In any event, plaintiff's contentions are without merit. Although a summary judgment standard should be employed "[w]here jurisdiction is so intertwined with the merits that its resolution depends on the resolution of the merits," London v. Polishook, 189 F.3d 196, 198-99 (2d Cir. 1999), in this case, "the notion of 'intertwining,' in a sense that would then trigger the application of summary judgment standards against the party challenging subject matter jurisdiction, is not at work," id., since the resolution of the jurisdictional issue is not tied to the ultimate resolution of the merits of plaintiff's ADA claims. Where, as here, "a bona fide dispute is raised as to the presence of federal jurisdiction it is the affirmative burden of the party invoking such jurisdiction . . . to proffer the necessary factual predicate-- not simply an allegation in a complaint-- to support jurisdiction." Id.

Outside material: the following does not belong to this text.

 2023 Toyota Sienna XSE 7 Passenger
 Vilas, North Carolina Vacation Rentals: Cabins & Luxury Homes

Plaintiff contends, inter alia, that Magistrate Judge Lindsay erred: (i) in finding that the TAC fails to plead facts sufficient to establish that he suffered a concrete and particularized injury and, thus, that his ADA claims should be dismissed for lack of standing; (ii) in applying "a less stringent test in determining mootness," (Plf. Obj. at 1; see also Id. at 8-9); and (iii) in "accept[ing] as wholly true a declaration by a paid expert," who never (A) "declared that the websites at issue were up to WCAG 2.0AA standards," or (B) "disputes that the alleged errors in the complaint which lead to inaccessibility of the various Hilton websites at issue in this case, occurred while the same safe guard [sic] were in place as there are currently." (Id. at 9-11).

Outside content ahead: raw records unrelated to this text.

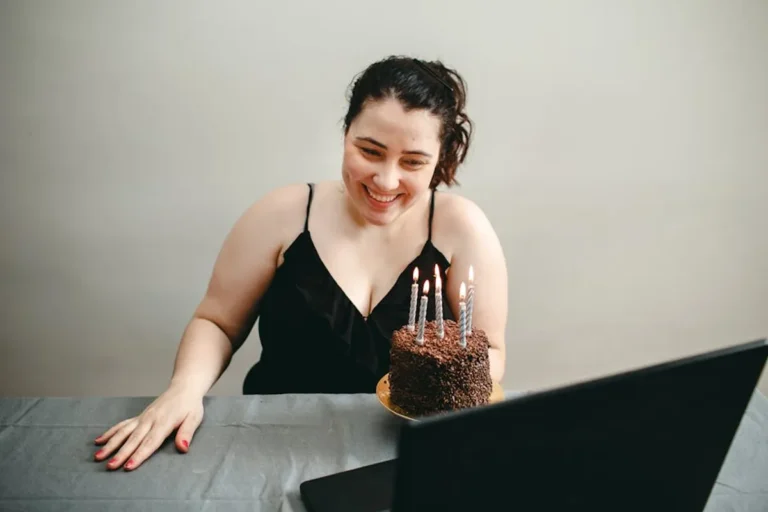 How to Create Birthday Invitations Online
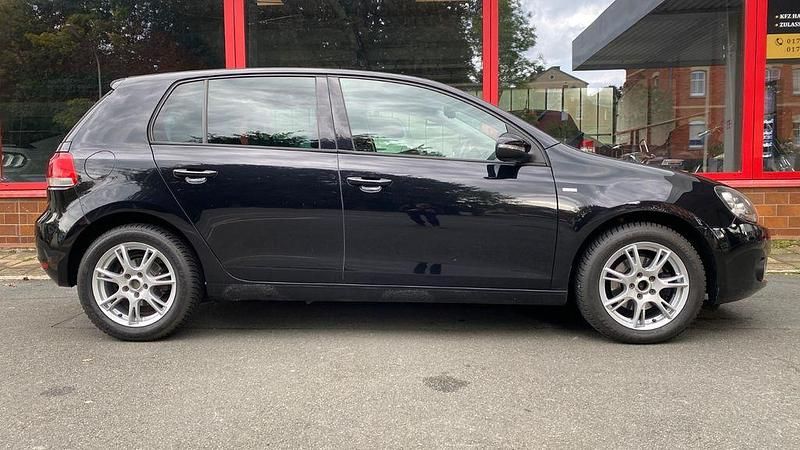 Schwarz Gebraucht 2012 VW Golf VI Match Limousine | 3.950 € (Superpreis) - Bild 1/4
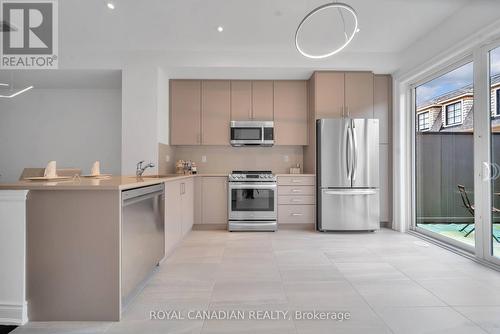 29 - 20 Lunar Crescent, Mississauga (Streetsville), ON - Indoor Photo Showing Kitchen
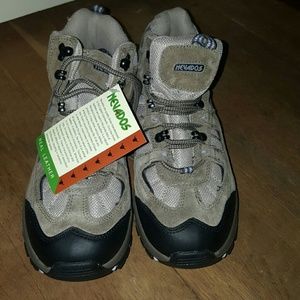 BRAND NEW, WITH TAGS Women's Hiking Boots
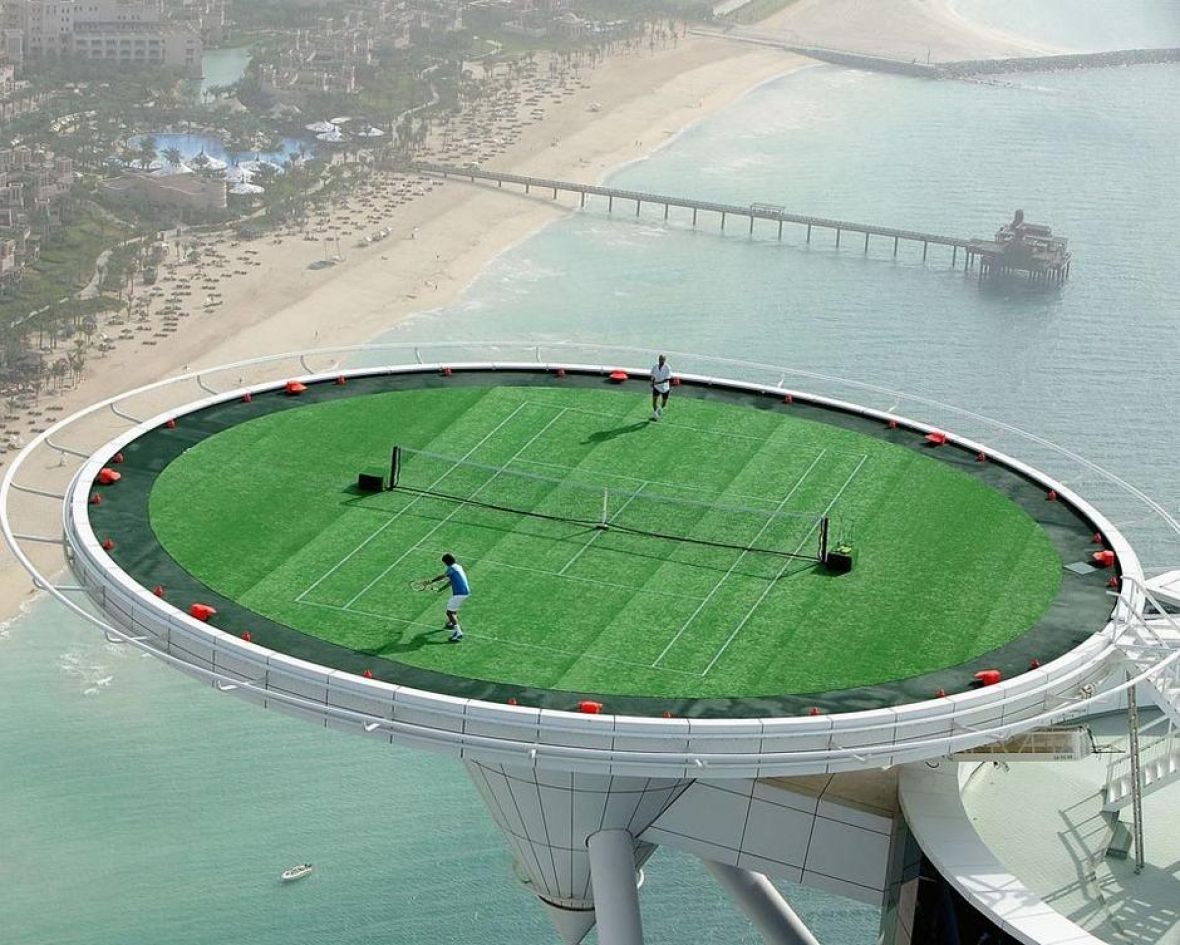 Igranje tenisa na vrhu zgrade visoke 300 metara - undefined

The Web Content Accessibility Guidelines version 2.0 AA ("WCAG 2.0 AA") is a set of private website accessibility standards developed by the Worldwide Web Consortium (W3C). However, the DOJ never promulgated final ADA regulations adopting those accessibility standards. Neither the ADA nor its regulations require websites to comply with the WCAG 2.0 AA website accessibility standards.

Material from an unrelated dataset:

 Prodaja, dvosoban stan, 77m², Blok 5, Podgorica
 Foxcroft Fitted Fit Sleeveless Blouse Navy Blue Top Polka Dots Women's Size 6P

Upon de novo review of the findings and conclusions in the Report to which plaintiff specifically objects, all motion papers and the entire record, and consideration of plaintiff's objections to the Report and defendant's response thereto, plaintiff's objections are overruled and the Report is accepted in its entirety.

1. Standing

Contrary to plaintiff's contention, Magistrate Judge Lindsay's interpretation of Kreisler v. Second Ave. Diner Corp., 731 F.3d 184 (2d Cir. 2013), is correct. As indicated in the Report, Kreisler held, in relevant part:

"To satisfy constitutional standing requirements, a plaintiff must prove: (1) injury in fact, which must be (a) concrete and particularized, and (b) actual or imminent; (2) a causal connection between the injury and the defendant's conduct; and (3) that the injury is likely to be redressed by a favorable decision. . . . Plaintiffs seeking injunctive relief must also prove that the identified injury in fact presents a real and immediate threat of repeated injury. . . . In the ADA context, we have previously found standing (and therefore an injury in fact) where (1) the plaintiff alleged past injury under the ADA; (2) it was reasonable to infer that the discriminatory treatment would continue; and (3) it was reasonable to infer, based on the past frequency of plaintiff's visits and the proximity of defendants' restaurants to plaintiff's home, that plaintiff intended to return to the subject location."
Id. at 187-88. "To establish injury in fact, a plaintiff must show that he or she suffered an invasion of a legally protected interest that is concrete and particularized and actual or imminent, not conjectural or hypothetical." Spokeo, Inc. v. Robins, 136 S. Ct. 1540, 1548, 194 L. Ed. 2d 635 (2016). "For an injury to be 'particularized,' it must affect the plaintiff in a personal and individual way." Id. "A 'concrete' injury must be 'de facto'; that is, it must actually exist." Id.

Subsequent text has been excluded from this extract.